Reporters Without Borders is concerned about Mojtaba Lotfi, a theologian and former journalist who was arrested and imprisoned in May. He was tried at the end of July for “spying” and for “publishing false information” but the judicial authorities have not announced their verdict.
Lotfi posted an article entitled “Respect for human rights in cases involving the clergy” on Naqshineh, a Website which is also subject to judicial proceedings, in particular because of articles about the recent legislative elections. The site has been blocked since March on the orders of the authorities.
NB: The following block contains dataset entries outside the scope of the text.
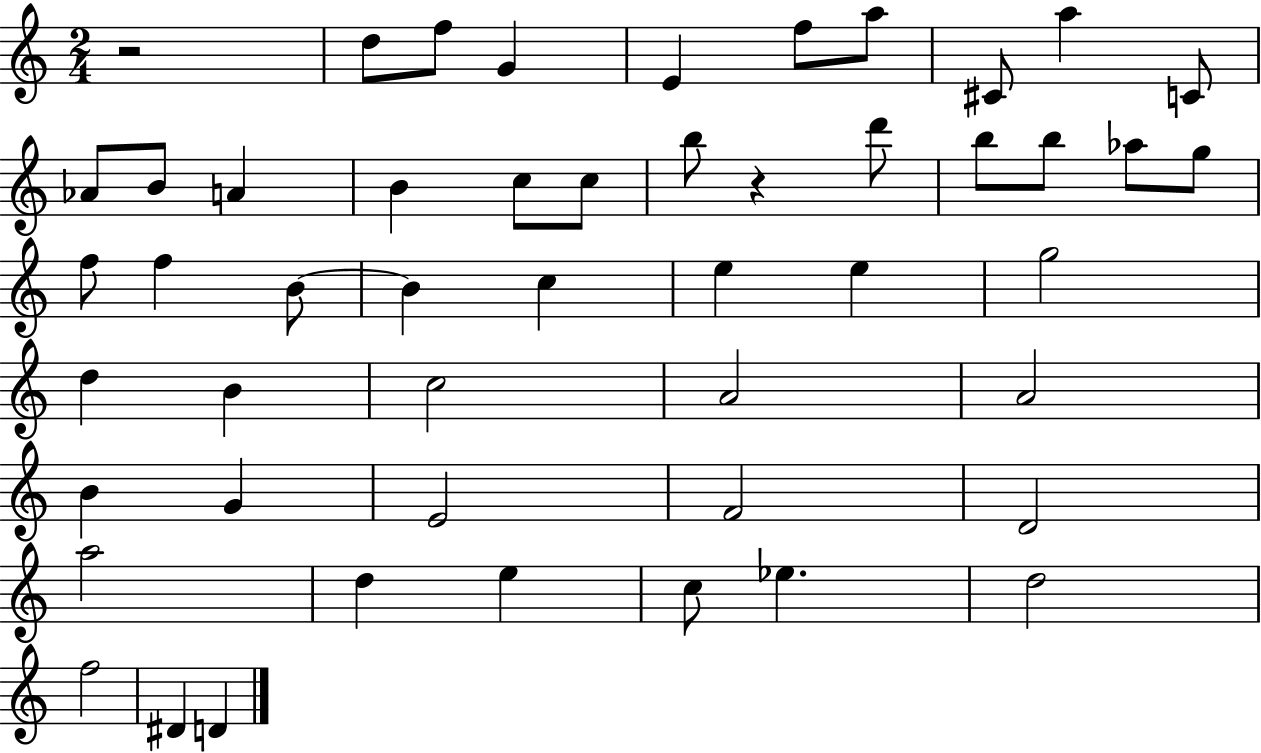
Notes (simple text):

R/h D5/e F5/e G4/q E4/q F5/e A5/e C#4/e A5/q C4/e Ab4/e B4/e A4/q B4/q C5/e C5/e B5/e R/q D6/e B5/e B5/e Ab5/e G5/e F5/e F5/q B4/e B4/q C5/q E5/q E5/q G5/h D5/q B4/q C5/h A4/h A4/h B4/q G4/q E4/h F4/h D4/h A5/h D5/q E5/q C5/e Eb5/q. D5/h F5/h D#4/q D4/q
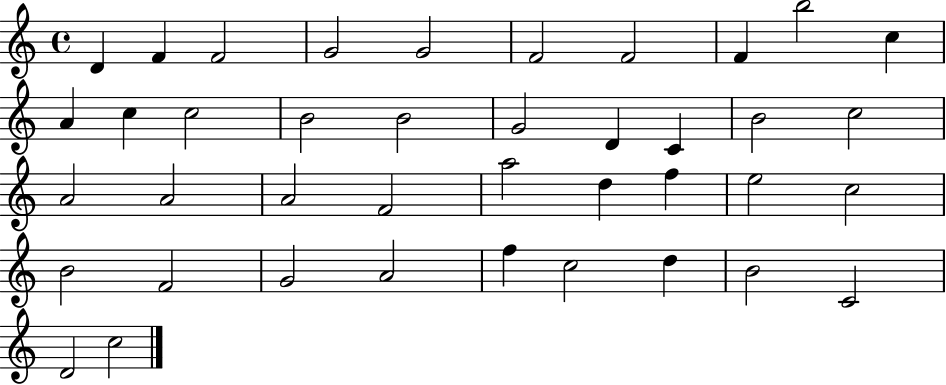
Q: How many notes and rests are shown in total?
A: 40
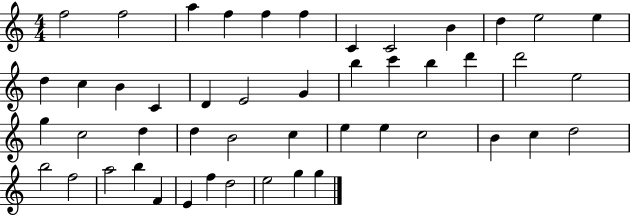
{
  \clef treble
  \numericTimeSignature
  \time 4/4
  \key c \major
  f''2 f''2 | a''4 f''4 f''4 f''4 | c'4 c'2 b'4 | d''4 e''2 e''4 | \break d''4 c''4 b'4 c'4 | d'4 e'2 g'4 | b''4 c'''4 b''4 d'''4 | d'''2 e''2 | \break g''4 c''2 d''4 | d''4 b'2 c''4 | e''4 e''4 c''2 | b'4 c''4 d''2 | \break b''2 f''2 | a''2 b''4 f'4 | e'4 f''4 d''2 | e''2 g''4 g''4 | \break \bar "|."
}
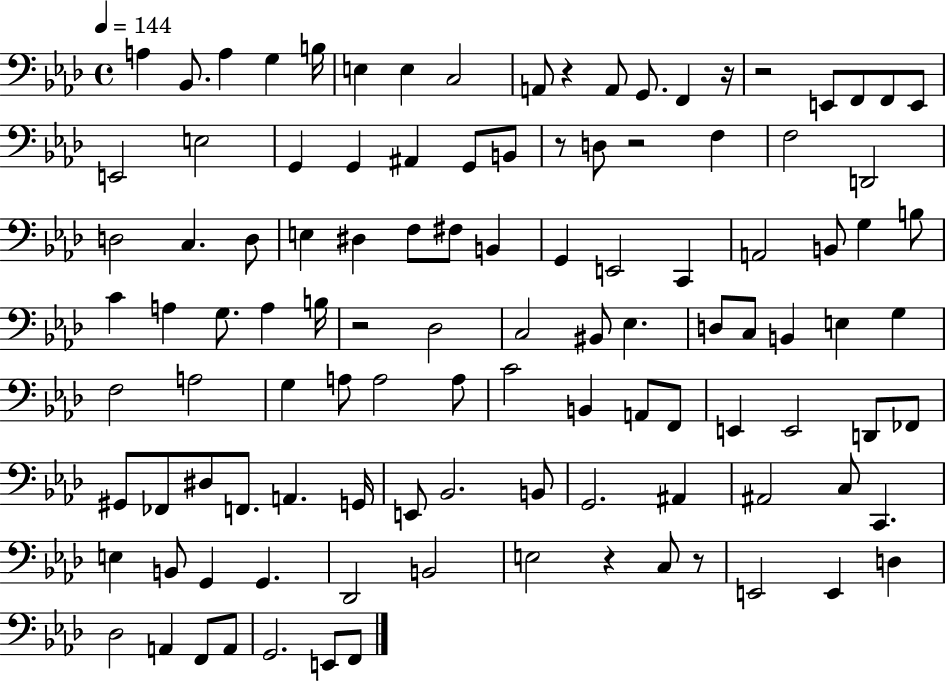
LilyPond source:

{
  \clef bass
  \time 4/4
  \defaultTimeSignature
  \key aes \major
  \tempo 4 = 144
  a4 bes,8. a4 g4 b16 | e4 e4 c2 | a,8 r4 a,8 g,8. f,4 r16 | r2 e,8 f,8 f,8 e,8 | \break e,2 e2 | g,4 g,4 ais,4 g,8 b,8 | r8 d8 r2 f4 | f2 d,2 | \break d2 c4. d8 | e4 dis4 f8 fis8 b,4 | g,4 e,2 c,4 | a,2 b,8 g4 b8 | \break c'4 a4 g8. a4 b16 | r2 des2 | c2 bis,8 ees4. | d8 c8 b,4 e4 g4 | \break f2 a2 | g4 a8 a2 a8 | c'2 b,4 a,8 f,8 | e,4 e,2 d,8 fes,8 | \break gis,8 fes,8 dis8 f,8. a,4. g,16 | e,8 bes,2. b,8 | g,2. ais,4 | ais,2 c8 c,4. | \break e4 b,8 g,4 g,4. | des,2 b,2 | e2 r4 c8 r8 | e,2 e,4 d4 | \break des2 a,4 f,8 a,8 | g,2. e,8 f,8 | \bar "|."
}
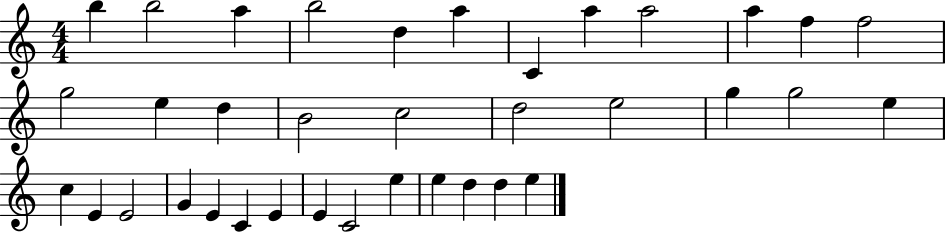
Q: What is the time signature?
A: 4/4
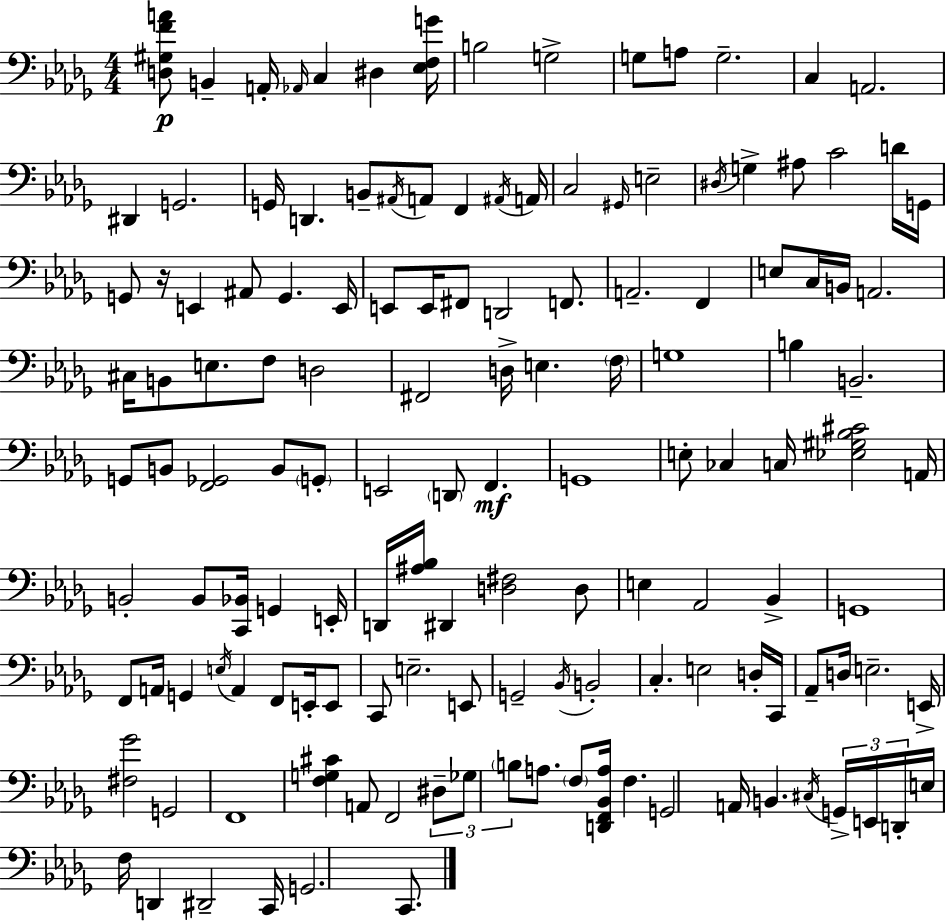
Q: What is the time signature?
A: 4/4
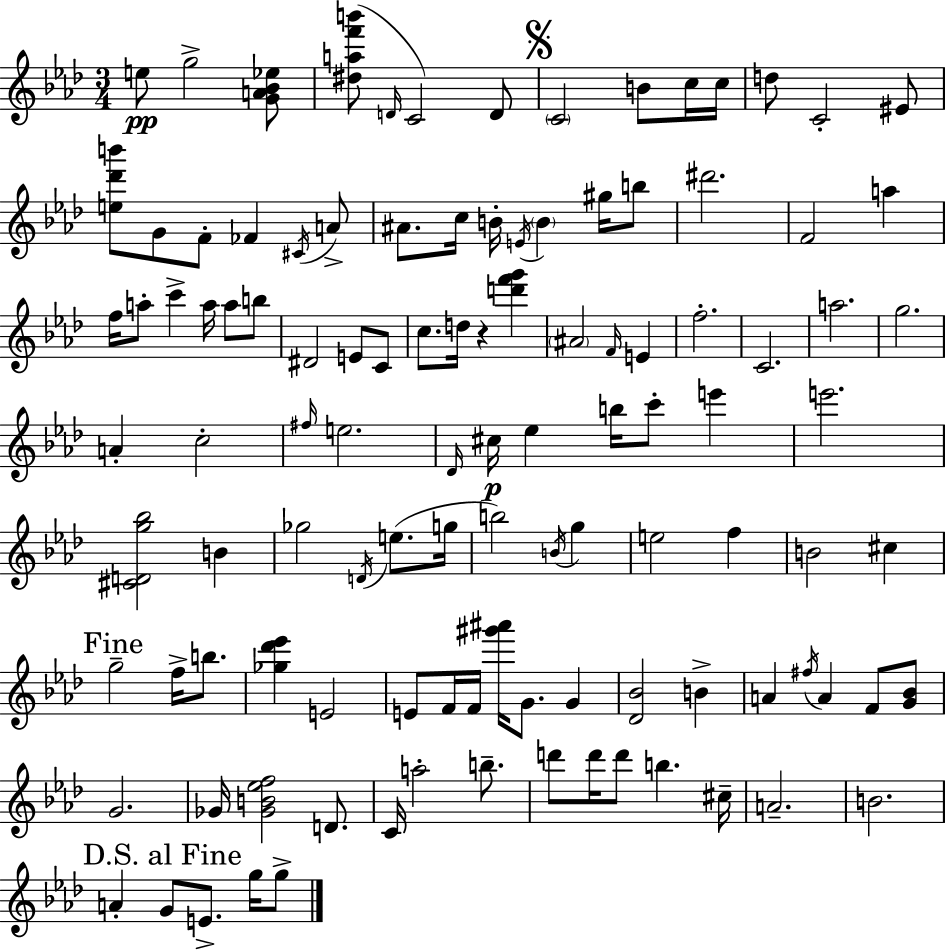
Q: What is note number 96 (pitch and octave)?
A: A4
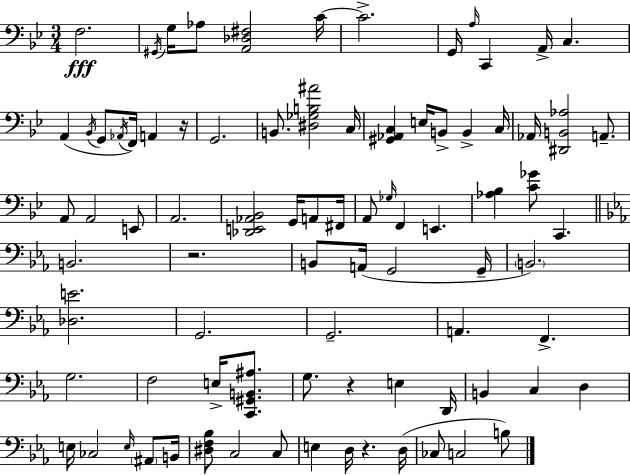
{
  \clef bass
  \numericTimeSignature
  \time 3/4
  \key g \minor
  f2.\fff | \acciaccatura { gis,16 } g16 aes8 <a, des fis>2 | c'16~~ c'2.-> | g,16 \grace { a16 } c,4 a,16-> c4. | \break a,4( \acciaccatura { bes,16 } g,8 \acciaccatura { aes,16 } f,16) a,4 | r16 g,2. | b,8. <dis ges b ais'>2 | c16 <gis, aes, c>4 e16 b,8-> b,4-> | \break c16 aes,16 <dis, b, aes>2 | a,8.-- a,8 a,2 | e,8 a,2. | <des, e, aes, bes,>2 | \break g,16 a,8 fis,16 a,8 \grace { ges16 } f,4 e,4. | <aes bes>4 <c' ges'>8 c,4. | \bar "||" \break \key ees \major b,2. | r2. | b,8 a,16( g,2 g,16-- | \parenthesize b,2.) | \break <des e'>2. | g,2. | g,2.-- | a,4. f,4.-> | \break g2. | f2 e16-> <c, gis, b, ais>8. | g8. r4 e4 d,16 | b,4 c4 d4 | \break e16 ces2 \grace { e16 } \parenthesize ais,8 | b,16 <dis f bes>8 c2 c8 | e4 d16 r4. | d16( ces8 c2 b8) | \break \bar "|."
}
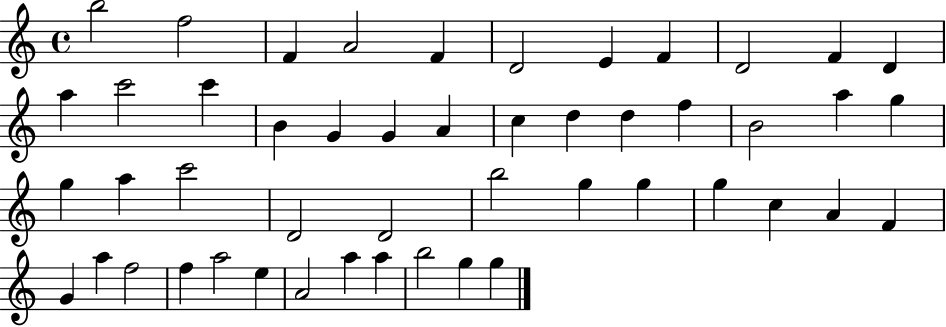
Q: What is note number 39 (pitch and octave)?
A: A5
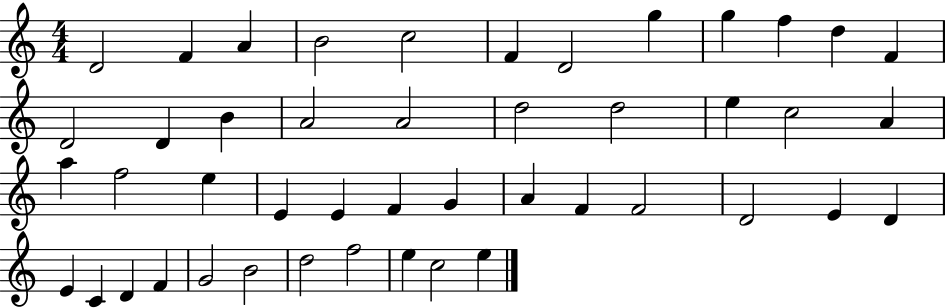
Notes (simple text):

D4/h F4/q A4/q B4/h C5/h F4/q D4/h G5/q G5/q F5/q D5/q F4/q D4/h D4/q B4/q A4/h A4/h D5/h D5/h E5/q C5/h A4/q A5/q F5/h E5/q E4/q E4/q F4/q G4/q A4/q F4/q F4/h D4/h E4/q D4/q E4/q C4/q D4/q F4/q G4/h B4/h D5/h F5/h E5/q C5/h E5/q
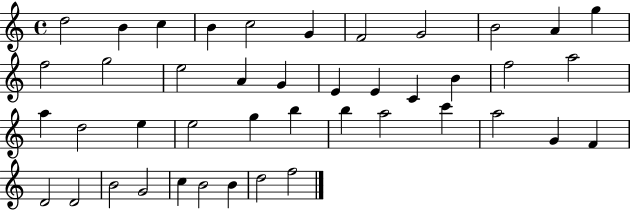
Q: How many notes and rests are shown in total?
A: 43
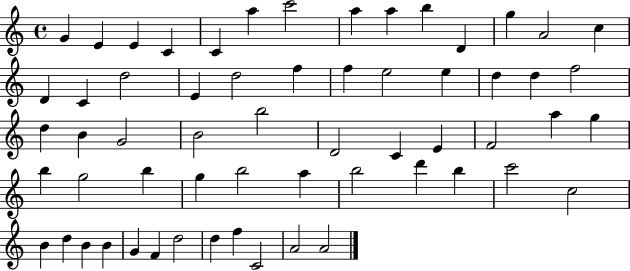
G4/q E4/q E4/q C4/q C4/q A5/q C6/h A5/q A5/q B5/q D4/q G5/q A4/h C5/q D4/q C4/q D5/h E4/q D5/h F5/q F5/q E5/h E5/q D5/q D5/q F5/h D5/q B4/q G4/h B4/h B5/h D4/h C4/q E4/q F4/h A5/q G5/q B5/q G5/h B5/q G5/q B5/h A5/q B5/h D6/q B5/q C6/h C5/h B4/q D5/q B4/q B4/q G4/q F4/q D5/h D5/q F5/q C4/h A4/h A4/h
Besides, an official draft of a proposed law “on the punishment of crimes linked to the Internet,” published in the newspaper Iran, would create a legislative framework that would severely restrict free expression online: 1 to 3 years of prison for the dissemination of “information that poses a threat for the country’s internal or external security” and five to 15 years if the information is passed to “foreign states or foreign organisations;” “nauseating” content such as “sexual organs or sexual acts, including those involving heterosexual relations as well as homosexual relations or relations with animals” would be punished by up to a year in prison and a fine of 10 million rials (950 euros); and the dissemination of “false information” about regime officials will cost its author six months in prison and a 10 million rials fine.
Cybercafés and ISPs would be required to monitor all content to which they offer access, block “nauseating” or illegal sites, help the police to identify those responsible for disseminating such content, and preserve all connection data and the identity of their clients for three months after each online session.